What is being asked: Exact copy, no pictures: take the lines of the listing below from the first through the one containing "Snapshot of RobStrokes215".
___ Exercise material
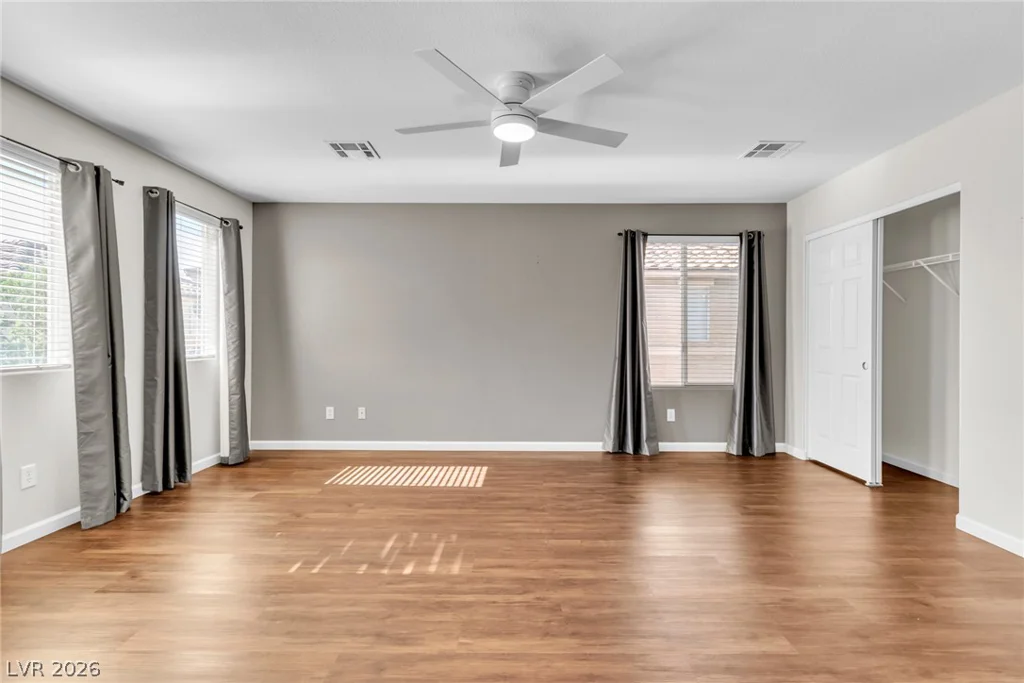 1042 Grand Cerritos, Las Vegas, NV 89183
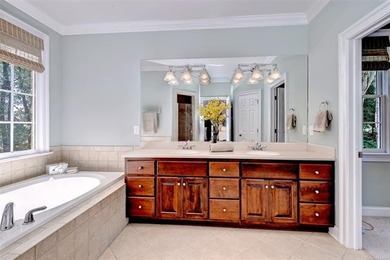 Beautifully situated at the end of a cul-de-sac in the desirable - photo 20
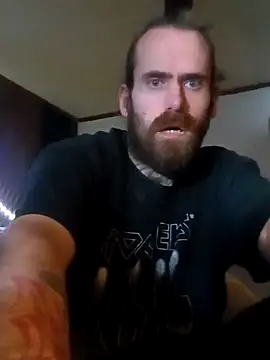 Snapshot of RobStrokes215 chatting on January 2025 02:28:01 PM RobStrokes215 online show from January 2025 02:28:01 PM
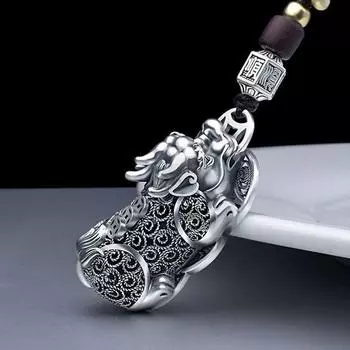 Брелок Пиксю из стерлингового серебра 999 пробы, символ удачи, высококлассный подвес для интерьера автомобиля, стильный ретро креативный орнамент для мужчин и женщин Pi Xiu Pendant (with Bead Key Rope) + Ping An Card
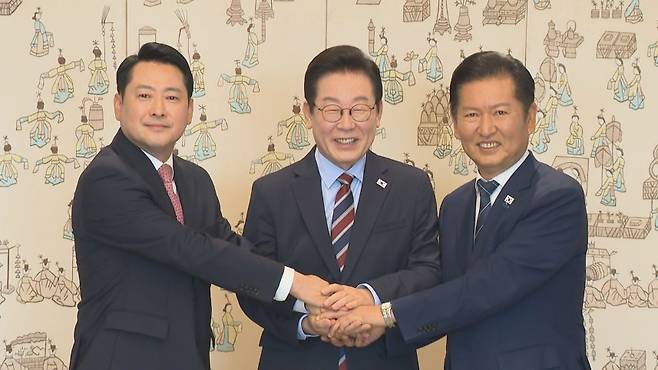 (왼쪽부터) 장동혁 국민의힘 대표, 이재명 대통령, 정청래 더불어민주당 대표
______
Your response:
 1042 Grand Cerritos, Las Vegas, NV 89183
 Beautifully situated at the end of a cul-de-sac in the desirable - photo 20
 Snapshot of RobStrokes215 chatting on January 2025 02:28:01 PM RobStrokes215 online show from January 2025 02:28:01 PM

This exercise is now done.